CPG systems – storing CO2 for geothermal energy production

In an article written for Rinnovabili,  Martina Leveni, PostDoc researcher at the Ohio State University, shares an interesting take on how CO2 can be used to utilise geothermal energy. We initially credited another publication and author with the text, but it is based on her article in Rinnovabili.

In the article she describes the so-called CO2 Plume Geothermal technology (CPG), which allows to store CO2 to produce energy from geothermal.  The US company TerraCOH has developed CPG technology capable of combining CO2 storage with geothermal energy. In this way it is possible to produce clean energy by exploiting the reduction of emissions.

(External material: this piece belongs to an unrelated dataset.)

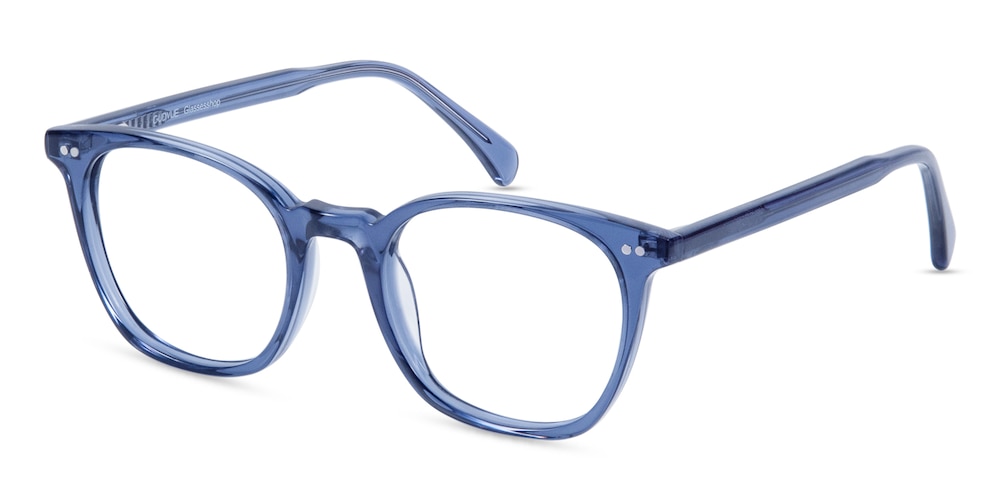 Wichita Blue Rectangle Acetate Eyeglasses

Annual greenhouse gas emissions continue to rise, despite the Paris Agreements signed in 2015. Each year, more than 40 billion tons of carbon dioxide enter the atmosphere, slowing efforts against climate change, so a solution that can utilize these emissions to actually produce energy is rather interesting.

Two urgent challenges are to reduce emissions and at the same time integrate renewable energies. CO2 storage and geothermal energy production can combine these goals. In reality, using CO2 in geothermal plants is an innovative idea. Already in 2000 some geothermal systems exploited pressurized CO2, partly gaseous and partly liquid. The benefits were shallower wells and less heat losses. The US company TerraCOH has developed CPG technology capable of combining CO2 storage with geothermal energy. In this way it is possible to produce clean energy by exploiting the reduction of emissions.

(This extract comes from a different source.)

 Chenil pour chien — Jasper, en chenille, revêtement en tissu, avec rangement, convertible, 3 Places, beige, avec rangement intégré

CPG technology is different because it exploits not so much CO2 as a motive fluid, but the geothermal potential of its capture and storage.

The CCS ( Carbon Capture and Storage ) is the process of capturing carbon dioxide and subsequent storage . It serves above all to avoid greenhouse gas emissions from sectors where these emissions are difficult to eliminate.

For the capture there are different technologies divided into three groups: post-combustion, pre-combustion and oxy-combustion.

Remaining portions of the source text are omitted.